Conditional path sampling of stochastic differential equations by drift relaxation

TL;DR

This paper introduces a novel algorithm for efficiently sampling conditional paths of SDEs by gradually modifying the drift term, improving filtering and smoothing in high-dimensional stochastic systems.

Contribution

It proposes a drift relaxation method combined with MCMC to sample conditional SDE paths, enhancing performance over traditional methods.

Findings

Algorithm improves sampling efficiency for conditional SDE paths.

Method enhances particle filter performance in filtering tasks.

Numerical experiments demonstrate effectiveness in stochastic filtering.

Abstract

We present an algorithm for the efficient sampling of conditional paths of stochastic differential equations (SDEs).
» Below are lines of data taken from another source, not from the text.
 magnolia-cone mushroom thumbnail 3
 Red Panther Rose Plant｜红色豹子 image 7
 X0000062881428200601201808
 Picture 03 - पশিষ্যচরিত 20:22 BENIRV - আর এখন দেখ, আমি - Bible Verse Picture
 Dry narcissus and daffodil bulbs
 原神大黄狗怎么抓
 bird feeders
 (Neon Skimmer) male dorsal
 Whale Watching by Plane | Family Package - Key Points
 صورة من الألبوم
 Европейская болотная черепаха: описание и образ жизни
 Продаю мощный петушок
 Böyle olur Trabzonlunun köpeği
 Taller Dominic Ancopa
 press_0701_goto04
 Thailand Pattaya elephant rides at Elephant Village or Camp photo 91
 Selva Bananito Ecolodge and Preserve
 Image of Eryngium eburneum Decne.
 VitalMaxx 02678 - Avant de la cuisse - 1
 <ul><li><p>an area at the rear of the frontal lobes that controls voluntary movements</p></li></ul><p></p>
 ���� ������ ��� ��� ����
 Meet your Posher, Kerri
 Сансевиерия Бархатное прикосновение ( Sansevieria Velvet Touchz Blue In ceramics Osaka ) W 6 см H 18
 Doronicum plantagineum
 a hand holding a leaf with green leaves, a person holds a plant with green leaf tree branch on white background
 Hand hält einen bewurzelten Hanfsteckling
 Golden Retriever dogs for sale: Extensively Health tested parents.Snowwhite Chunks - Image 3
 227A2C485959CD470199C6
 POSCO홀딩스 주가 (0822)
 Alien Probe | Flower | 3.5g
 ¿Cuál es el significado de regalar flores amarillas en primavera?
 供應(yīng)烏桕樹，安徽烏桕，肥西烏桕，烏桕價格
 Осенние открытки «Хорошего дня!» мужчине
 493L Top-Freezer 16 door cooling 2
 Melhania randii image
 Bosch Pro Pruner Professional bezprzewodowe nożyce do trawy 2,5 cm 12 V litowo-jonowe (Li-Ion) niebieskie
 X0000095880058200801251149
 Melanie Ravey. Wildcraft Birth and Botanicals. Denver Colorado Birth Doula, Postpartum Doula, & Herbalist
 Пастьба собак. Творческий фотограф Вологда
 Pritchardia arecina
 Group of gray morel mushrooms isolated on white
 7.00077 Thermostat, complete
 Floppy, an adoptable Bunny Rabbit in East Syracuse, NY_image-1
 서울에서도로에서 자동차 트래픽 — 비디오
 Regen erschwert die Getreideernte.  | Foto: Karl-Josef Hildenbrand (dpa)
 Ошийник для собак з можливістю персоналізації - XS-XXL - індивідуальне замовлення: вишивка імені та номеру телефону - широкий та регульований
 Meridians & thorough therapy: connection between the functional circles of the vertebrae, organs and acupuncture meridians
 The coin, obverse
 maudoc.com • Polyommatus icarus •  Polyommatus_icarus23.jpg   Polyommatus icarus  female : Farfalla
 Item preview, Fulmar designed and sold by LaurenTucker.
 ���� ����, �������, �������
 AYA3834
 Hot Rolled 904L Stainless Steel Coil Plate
While unconditional path sampling of SDEs is straightforward, albeit expensive for high dimensional systems of SDEs, conditional path sampling can be difficult even for low dimensional systems. This is because we need to produce sample paths of the SDE which respect both the dynamics of the SDE and the initial and endpoint conditions. The dynamics of a SDE are governed by the deterministic term (drift) and the stochastic term (noise). Instead of producing conditional paths directly from the original SDE, one can consider a sequence of SDEs with modified drifts. The modified drifts should be chosen so that it is easier to produce sample paths which satisfy the initial and endpoint conditions. Also, the sequence of modified drifts converges to the drift of the original SDE. We construct a simple Markov Chain Monte Carlo (MCMC) algorithm which samples, in sequence, conditional paths from the modified SDEs, by taking the last sampled path at each level of the sequence as an initial condition for the sampling at the next level in the sequence. The algorithm can be thought of as a stochastic analog of deterministic homotopy methods for solving nonlinear algebraic equations or as a SDE generalization of simulated annealing. The algorithm is particularly suited for filtering/smoothing applications. We show how it can be used to improve the performance of particle filters. Numerical results for filtering of a stochastic differential equation are included.